The domestic airlines in Nigeria have called on the federal government to as a matter of urgency look into the myriad of challenges confronting them which they said have left them to struggle between life and death.
In a statement issued by the operators early Wednesday morning, the operators particularly cited how the scarcity and exorbitant price of aviation fuel and the unavailability of foreign exchange have worsened their situation.
Besides the two factors, the airlines equally lamented how the recent closure of the domestic airport runway at the Lagos airport by the Federal Airports Authority of Nigeria under a very short notice has further complicated the already bad situation.
Calling on government to intervene, the airlines said any further delay in reviewing the challenges may threaten their ability to continue operations.
According to the airlines: “The Airline Operators of Nigeria (AON) would like to notify the general public that the JetA1 crisis which began in late February and deteriorated further through the months of March to May, has further worsen and currently threatening the ability of airlines to continue operations. The price of JetA1 rose suddenly from N200 in December 2021 to over N400 per litre in February. Today the price has skyrocketed to over N800 per litre.
“On top of the continuous rise in the price of Aviation fuel, supply is at best epileptic and unpredictable at several airports across the country there by causing flight delays, and even cancellations, as airlines queue for fuel at airports across the country.
“Added to the already difficult situation, is the high cost and scarcity of foreign exchange.
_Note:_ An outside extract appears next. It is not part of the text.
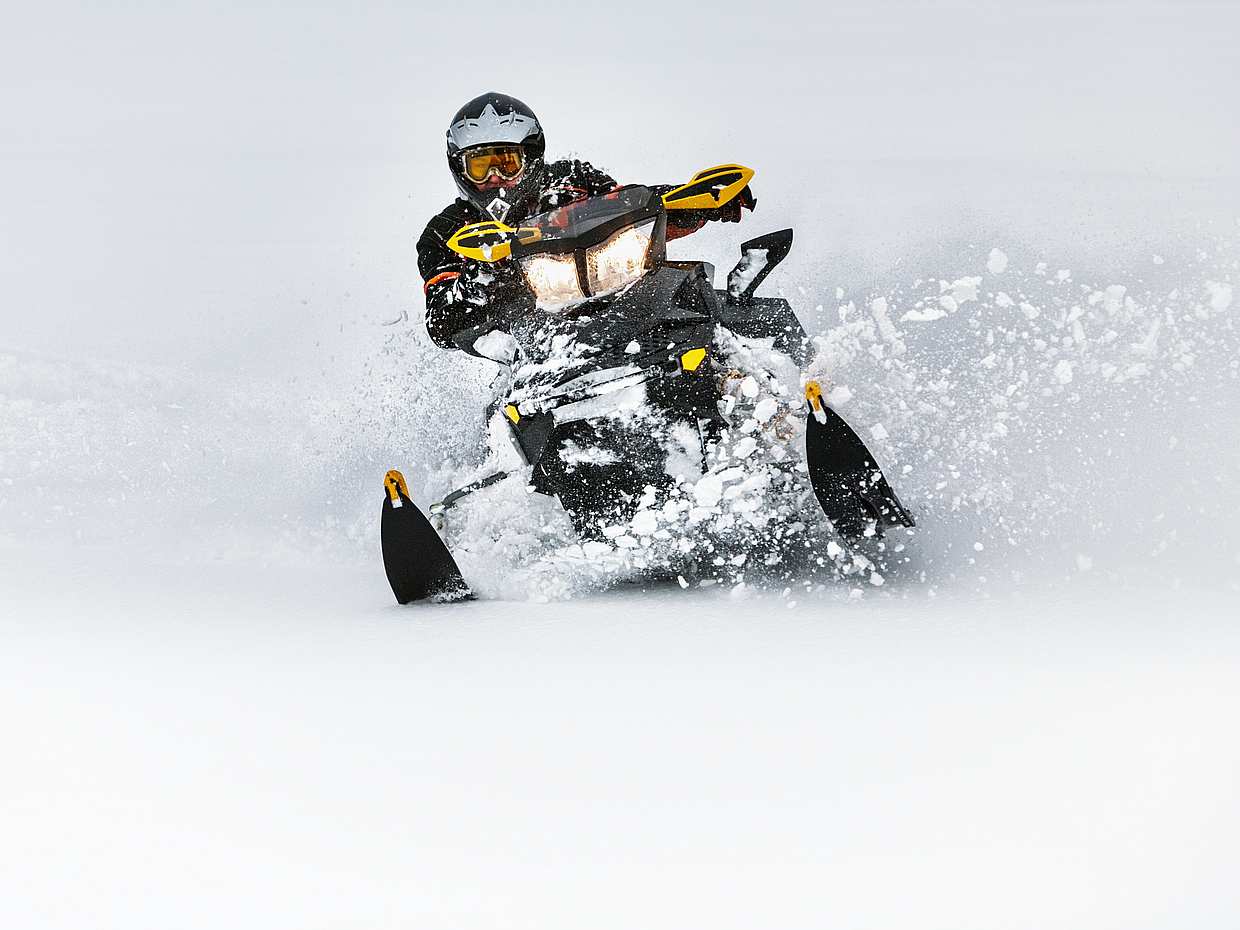 Snowmobile Outing Tour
It is pertinent to note that airlines carry out most of their activities in US dollars which today sells for N630 to $1; and is sadly also, in short supply. To say the least, airlines are in a ‘life and death’ struggle to secure the foreign exchange that they urgently need to acquire spare parts to ensure the regular routine and scheduled maintenance of aircraft. This is a major influence on how quickly a grounded aircraft can be fixed and restored for flight operations, which impacts greatly on the reliability of schedules, growth of the industry and economic growth and sustainability.
“The reality of the situation in the industry is exacerbated by the action of the Federal Airports Authority of Nigeria (FAAN), which in a NOTAM of July 5, 2022 announced the closure of the domestic runway (18L) of Murtala Muhammed Airport (MMA), Ikeja, beginning July 8, 2022. The closure is for a period of 90 days.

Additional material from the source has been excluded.